DATA |
_ _ _ _ _ _ _
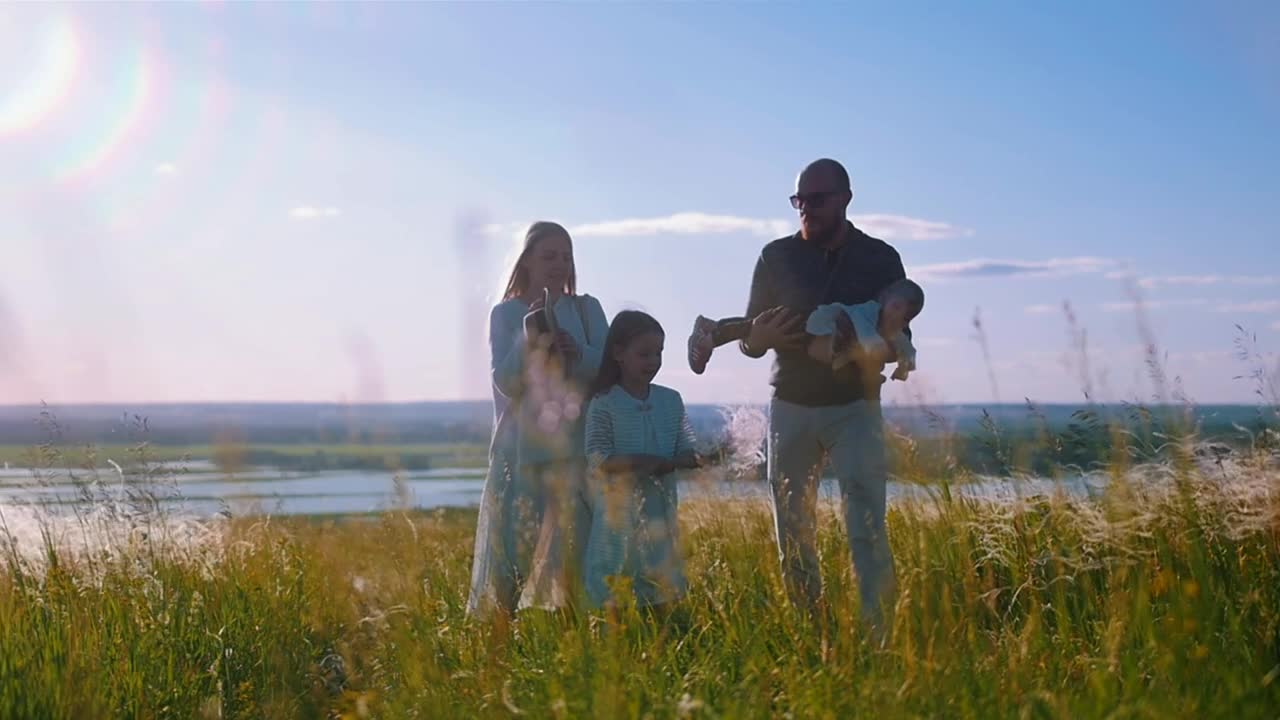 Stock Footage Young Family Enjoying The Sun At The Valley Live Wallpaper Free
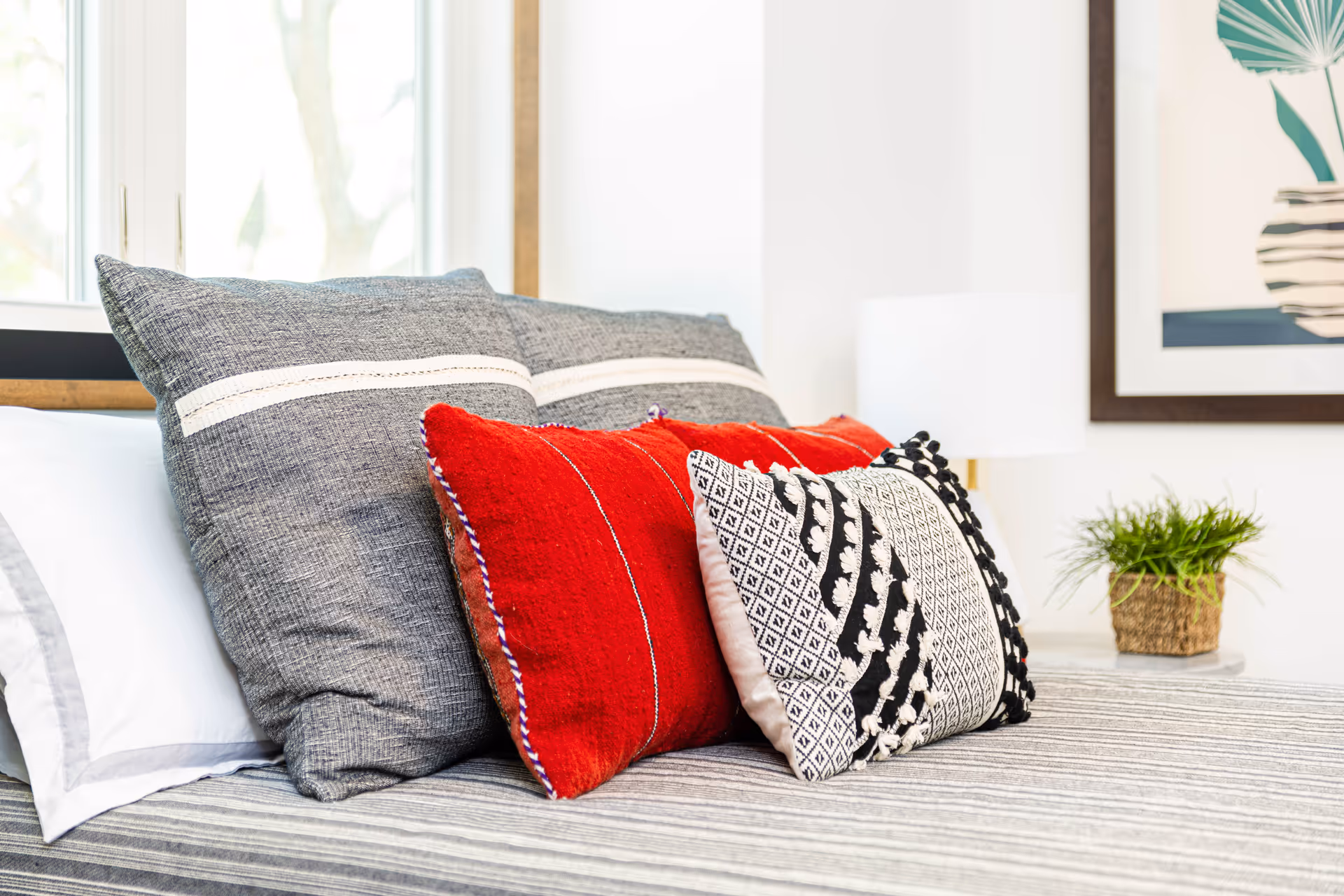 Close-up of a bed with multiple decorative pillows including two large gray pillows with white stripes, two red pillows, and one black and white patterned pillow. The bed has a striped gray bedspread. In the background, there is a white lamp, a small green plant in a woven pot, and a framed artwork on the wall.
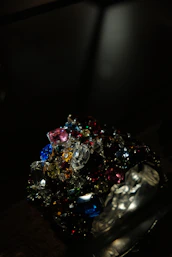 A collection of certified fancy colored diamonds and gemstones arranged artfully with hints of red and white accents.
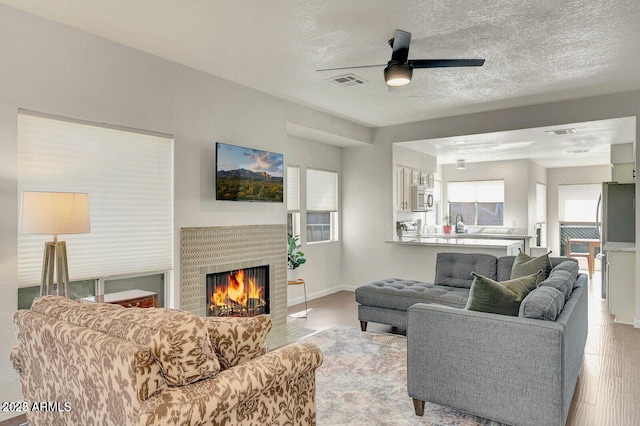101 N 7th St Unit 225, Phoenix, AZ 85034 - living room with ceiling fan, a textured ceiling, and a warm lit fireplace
_ _ _ _ _ _ _
ABOUT THIS EXERCISE |
Leaving the pictures aside, copy exactly and only the lines from the one holding "Close-up of a" through the final line of the data, both ends kept.

WRITTEN SOLUTION |
 Close-up of a bed with multiple decorative pillows including two large gray pillows with white stripes, two red pillows, and one black and white patterned pillow. The bed has a striped gray bedspread. In the background, there is a white lamp, a small green plant in a woven pot, and a framed artwork on the wall.
 A collection of certified fancy colored diamonds and gemstones arranged artfully with hints of red and white accents.
101 N 7th St Unit 225, Phoenix, AZ 85034 - living room with ceiling fan, a textured ceiling, and a warm lit fireplace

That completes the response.